Let’s say a company launched a game in Russia and it became popular. Now it can release another game. Another option is to make a film or write a book based on the first game. In theory, the brand has a loyal audience that will be interested in these new products.

New products and services can attract new customers, but they take a lot of time and resources to create.

There are several risks when implementing a development strategy:

  • the new product will be liked by a much smaller audience than the previous one – there will be no demand;
  • The new product will be liked more than the previous one and users will buy only it.

Diversification

This is the most complex and risky strategy. Companies that use diversification strategies create a new product and develop a new market where they have no experience and reputation.

There are two options for a business diversification strategy:

  1. Related. The business creates a new product that relates to the current type of activity. And with it, it develops a new market for itself.
  2. Unrelated. The business creates a new product that is not related to the current type of activity. And with it, it develops a new market for itself.

Ansoff Matrix: How to Build and Choose a Strategy

1. Describe the current situationTo understand which marketing development strategy will work for you, you need to describe the company’s existing products and the markets they are sold in. It is important to study the same parameters of competitors and explore potential markets that you can enter.

For example, you sell carpets through an online store. To understand which strategy to choose for business development, you need to make a list like this:

  • Existing products: Persian carpets, long and short pile, with animals, viscose, polypropylene, sheepskin.
  • New products : carpets in loft style and with movie characters.
  • Existing market: online store that delivers goods throughout Russia.
  • New market: offline store in Krasnodar, where warehouses are located, or online store in Belarus.

For each competitor, you can make the same description to see the overall picture.

2. Fill in the matrix

Now you can move on to working with the Ansoff matrix. To do this, make a table like the one in the picture below.

Next, in each cell, write down the business development options based on the data we described in the first stage.
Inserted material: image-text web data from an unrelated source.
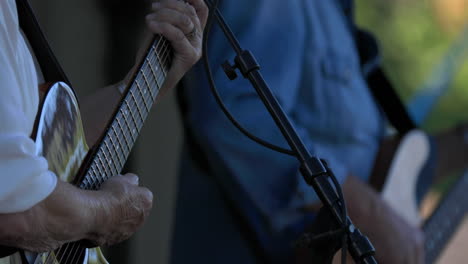 Country-musicians-play-guitar-at-concert,-close-up-shot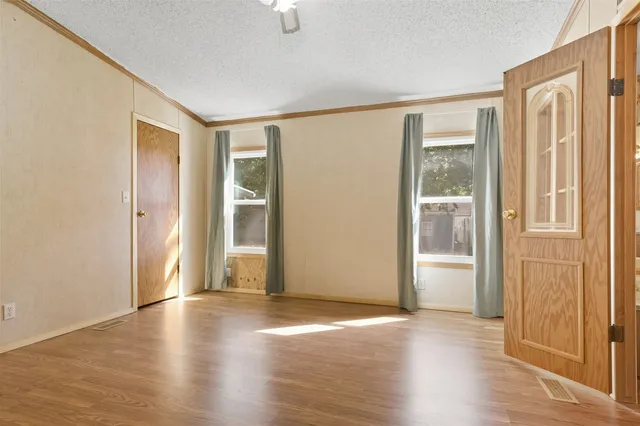 a view of an empty room with wooden floor and a window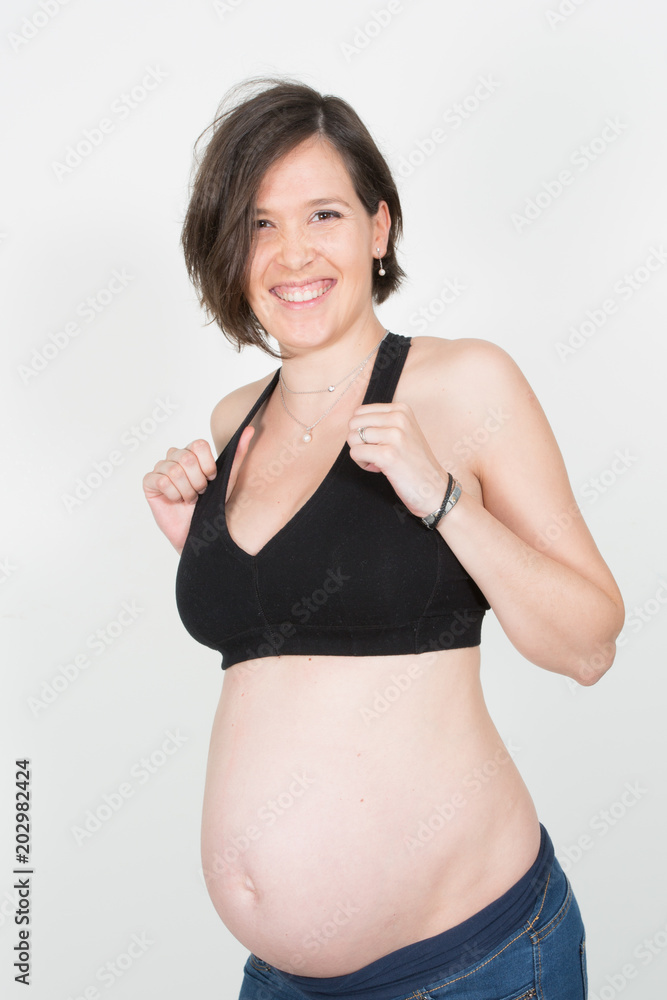 A pregnant woman in fitness clothes pregnancy belly on white background A pregnant woman in fitness clothes pregnancy belly on white background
For example, if we phone number mx need to describe a market penetration strategy, we describe our product and market. Then we think about how we can achieve an increase in sales within the framework of the strategy.

3. Choose a strategy

It is not enough to simply create a matrix. All the strategies described need to be analyzed.

The following criteria can be used to evaluate strategies:

  • market growth rate;
  • brand recognition;
  • frequency of product use;
  • barriers to entry into other markets;
  • level of competitive advantage in the market.
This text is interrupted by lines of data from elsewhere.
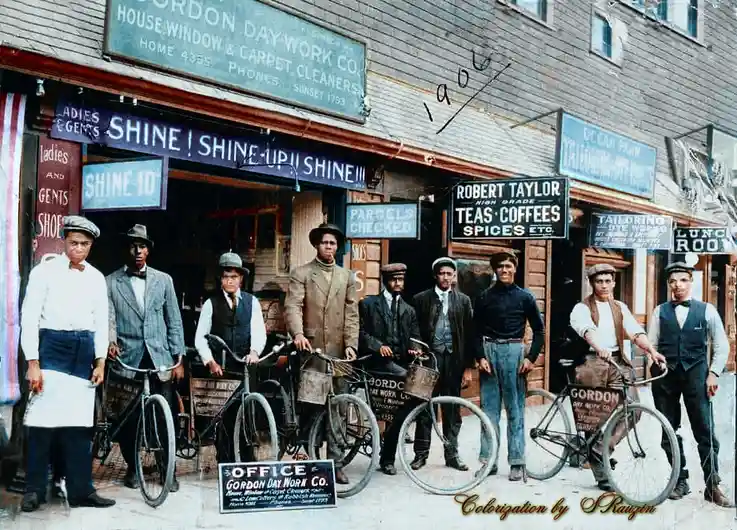A colorized historical photo shows eight men posing with bicycles in front of a row of early 20th-century storefronts with…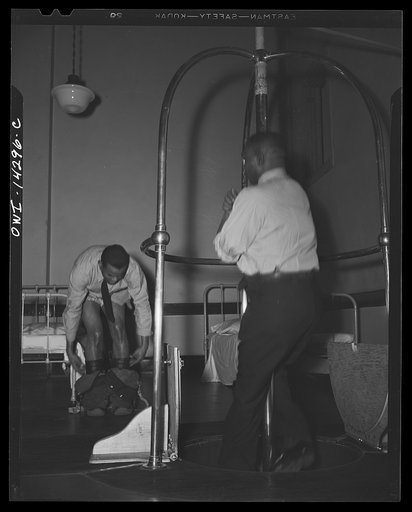 Firehouse station number four. Washington, D.C. A young fireman sleeps in his shirt and socks. When the alarm goes off he steps quickly into his boots that have pants attached complete with suspenders, adjusts them on the run, and slides down the pole to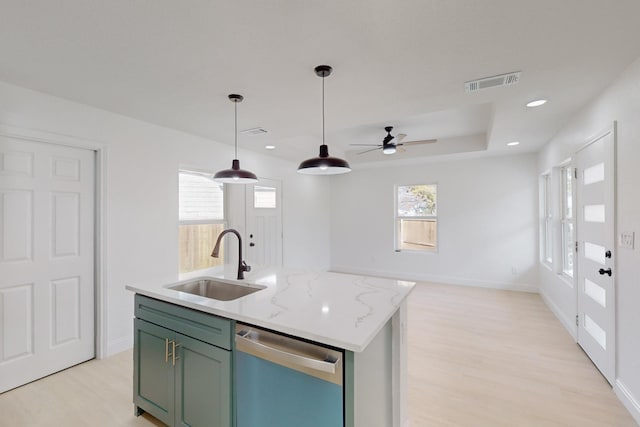 kitchen featuring pendant lighting, dishwasher, sink, ceiling fan, and light stone counters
It is convenient to evaluate the effectiveness of each strategy according to these criteria using a table.

Ansoff Matrix Example: Coca-Cola

Coca-Cola is an example of a company that implemented all the strategies of the Ansoff matrix as it developed.
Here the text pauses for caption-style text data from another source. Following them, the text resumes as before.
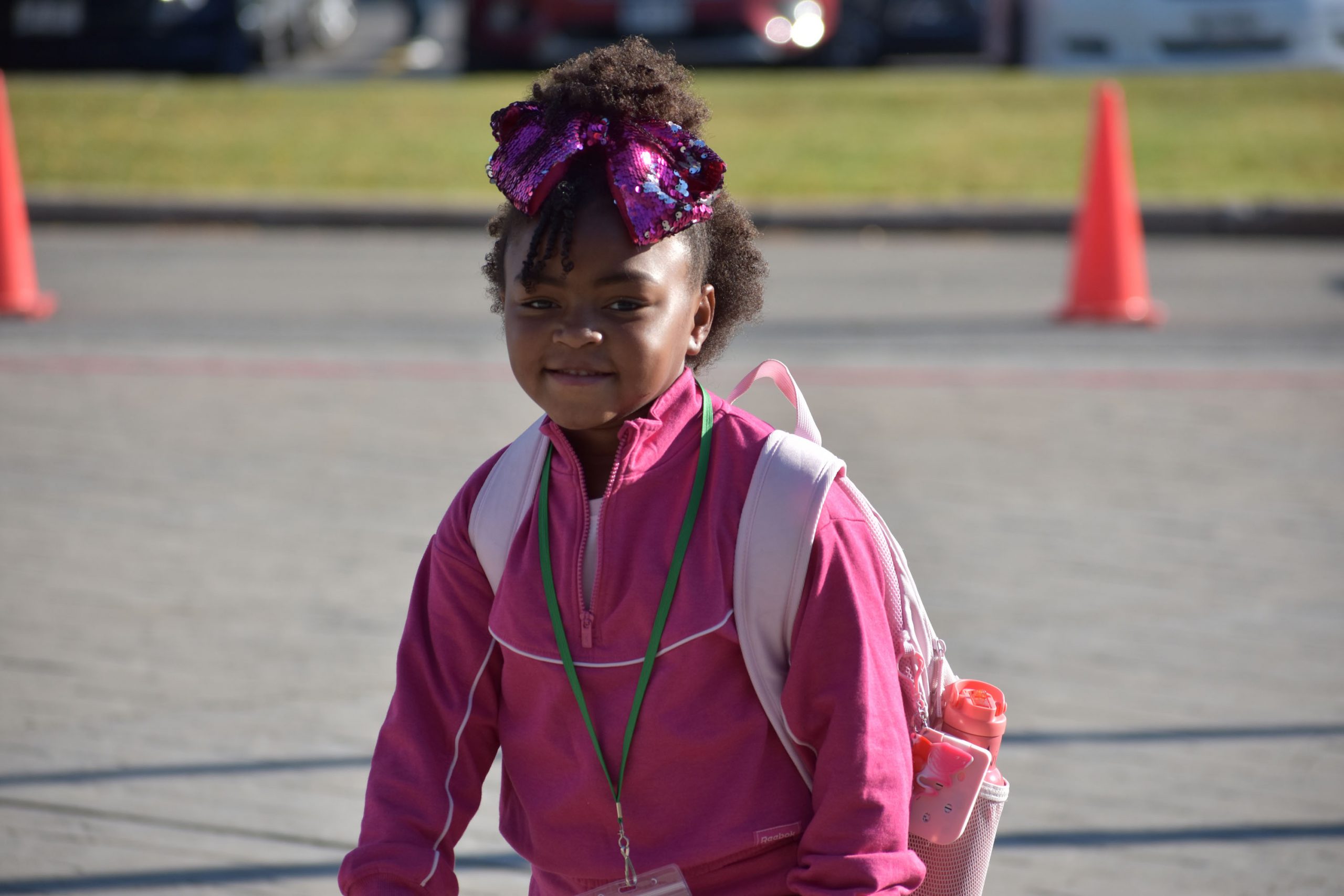 Student outside walking toward school on first day of school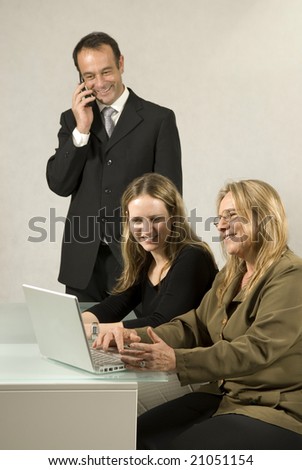 Two women at a desk and a man standing talking on his cell phone. All are smiling and looking at paperwork.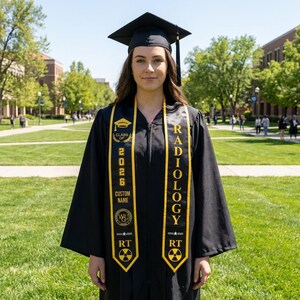 May include: A black graduation gown and cap with a black tassel, worn with two black graduation stoles featuring gold embroidery. The stoles display the text 'CLASS OF 2026', 'CUSTOM NAME', 'RADIOLOGY', and 'RT', along with a graduation cap icon and a radiation symbol.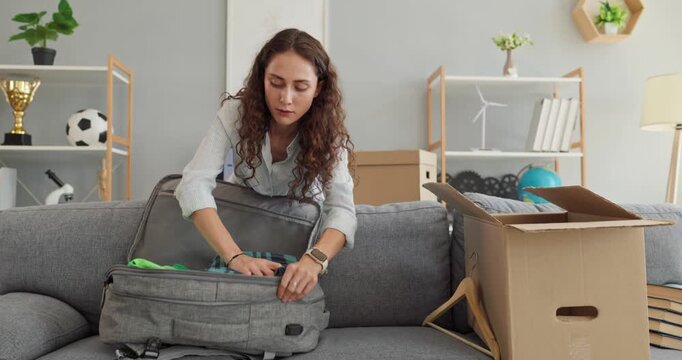 Young woman prepares clothes and luggage at home before starting college and moving away. She is getting ready for a new chapter. Student packs personal items for dorm living and campus life.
  1. Market penetration strategy. To increase demand for Coca-Cola in the American market, the company’s founder, Asa Candler, used various methods to increase the recognition of the new brand. He distributed the drink for free in pharmacies, sold the rights to bottle and sell the soda, and used celebrities in advertising.
  2. Market Development Strategy: When Coke became popular in America, it began to be sold in Cuba, Canada and other countries.
  3. Product development strategy . The essence of the strategy: the company modernizes cola from year to year. They change the design of the bottles, release a line of products in tin cans and pour soda in machines. Then completely new drinks like Sprite appear, and modifications: Coca-Cola Plus Coffee, Coca-Cola Vanilla, etc.
Let’s sum it up
  1. The Ansoff Matrix is ​​one of the methods that helps to study possible growth strategies of a company. The matrix was developed in 1957 by business manager Igor Ansoff.